** Task to carry out **
Nothing outside the range below should be printed. Output exactly the lines from the line with "Drawn Into Nature" to the line with "Honeycomb hexagon shape", both included.

** Available data **
=== Section Start ===

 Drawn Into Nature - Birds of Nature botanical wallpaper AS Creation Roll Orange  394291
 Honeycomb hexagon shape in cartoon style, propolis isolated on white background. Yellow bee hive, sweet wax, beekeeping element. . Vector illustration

=== Section End ===
=== Section Start ===

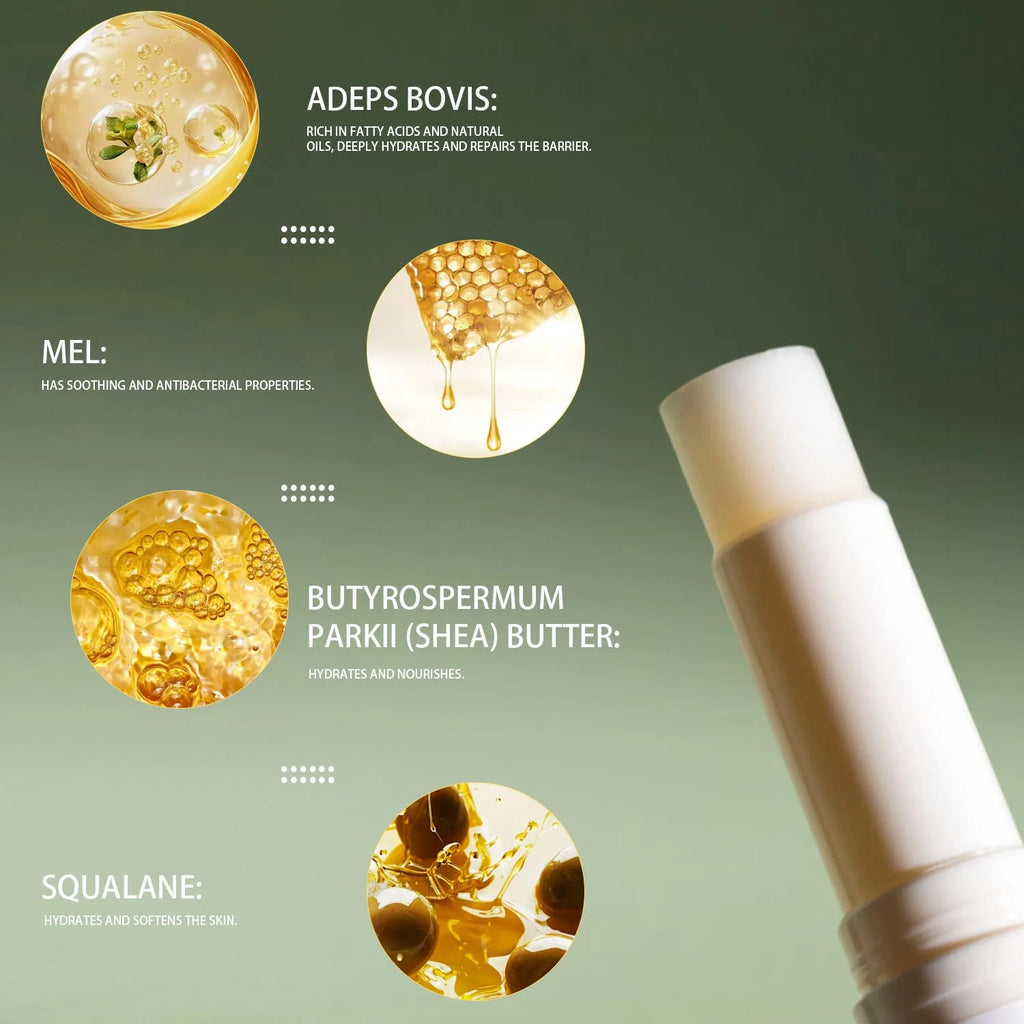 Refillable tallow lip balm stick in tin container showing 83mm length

=== Section End ===

** Response to this exercise **
 Drawn Into Nature - Birds of Nature botanical wallpaper AS Creation Roll Orange  394291
 Honeycomb hexagon shape in cartoon style, propolis isolated on white background. Yellow bee hive, sweet wax, beekeeping element. . Vector illustration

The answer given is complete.